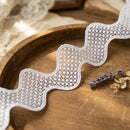Wavy Edge Dotted Mesh Lace Ribbon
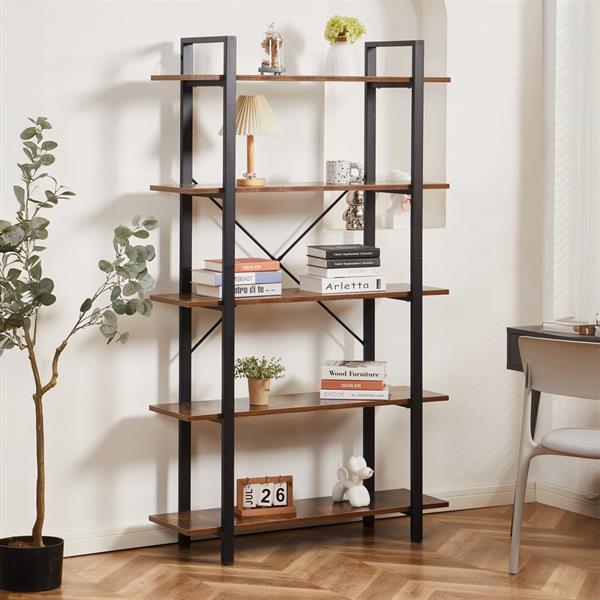Libreria moderna con 5 ripiani in legno e metallo
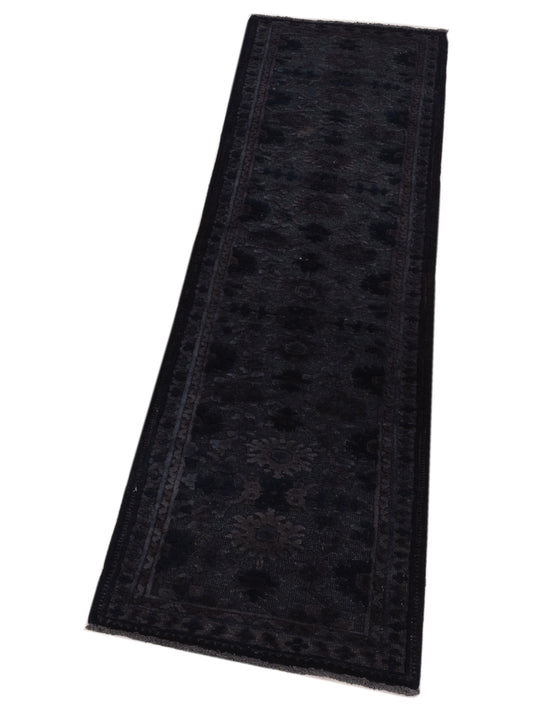 Vintage Black 2.2x7.10 Hand Knotted Rug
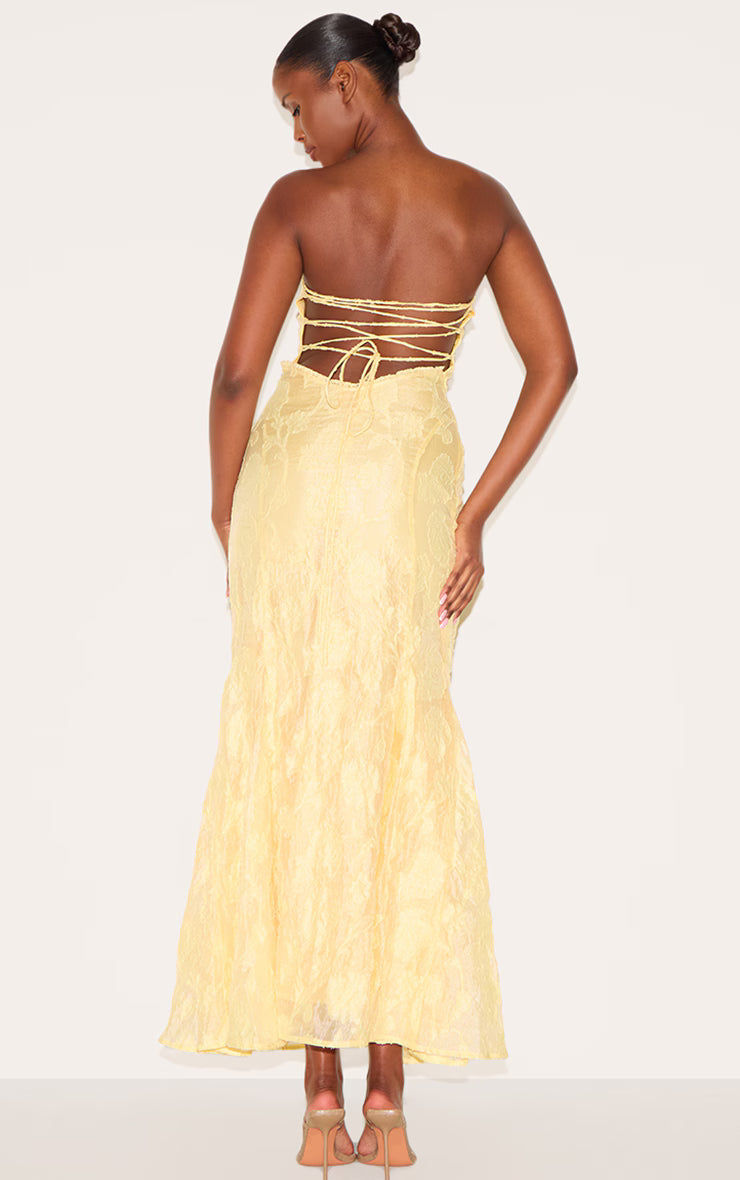 Lemon Textured Lace Up Back Maxi Dress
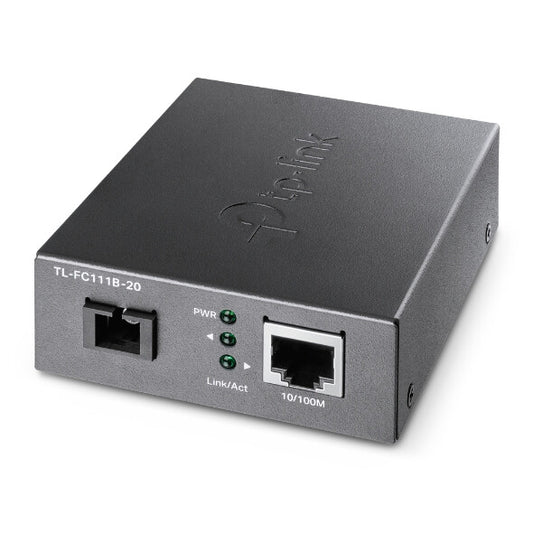 TP-Link TL-FC111B-20 mediakonverterare för nätverk 100 Mbit/s Enkelläge Svart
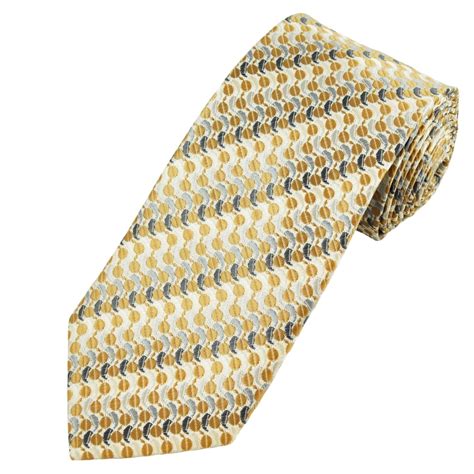 Ivory With Gold Silver And Grey Patterned Mens Extra Long Tie From Ties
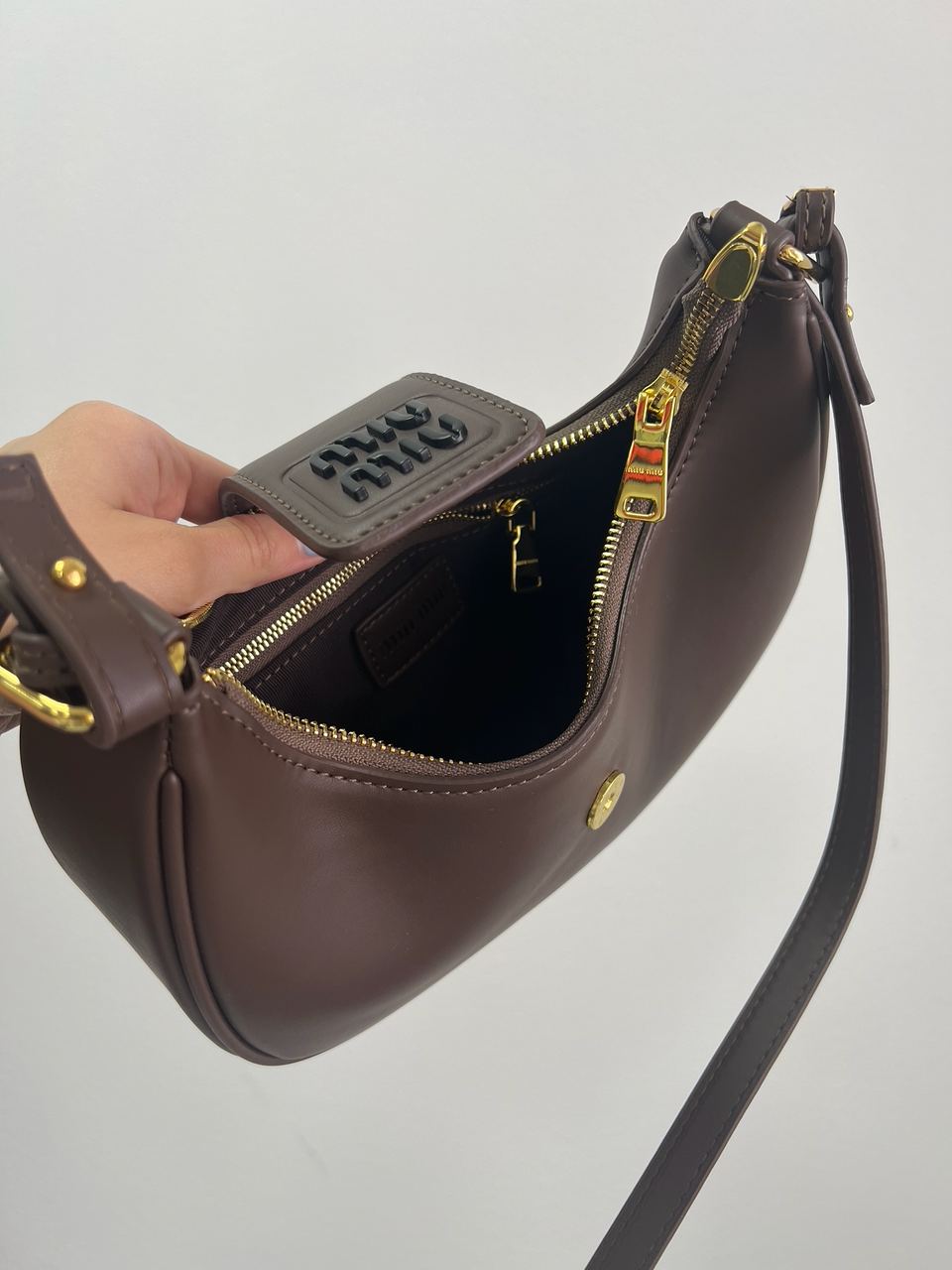 Miu Miu Leather Hobo Bag Brown - 13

— EXERCISE DESCRIPTION —
Only the lines from the one containing "Lemon Textured Lace Up Back Maxi Dress" through the end of the data above are to be output, exactly and without pictures.

— REPLY —
 Lemon Textured Lace Up Back Maxi Dress
 TP-Link TL-FC111B-20 mediakonverterare för nätverk 100 Mbit/s Enkelläge Svart
 Ivory With Gold Silver And Grey Patterned Mens Extra Long Tie From Ties
 Miu Miu Leather Hobo Bag Brown - 13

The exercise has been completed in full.